**What you will do**
Below you will find a set of lines. Repeat them all exactly.

**Dataset section**
######
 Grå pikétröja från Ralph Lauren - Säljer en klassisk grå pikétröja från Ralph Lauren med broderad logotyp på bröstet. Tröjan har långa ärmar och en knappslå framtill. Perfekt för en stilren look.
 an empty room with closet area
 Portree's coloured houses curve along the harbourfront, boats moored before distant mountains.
######
**Solution to this task**
 Grå pikétröja från Ralph Lauren - Säljer en klassisk grå pikétröja från Ralph Lauren med broderad logotyp på bröstet. Tröjan har långa ärmar och en knappslå framtill. Perfekt för en stilren look.
 an empty room with closet area
 Portree's coloured houses curve along the harbourfront, boats moored before distant mountains.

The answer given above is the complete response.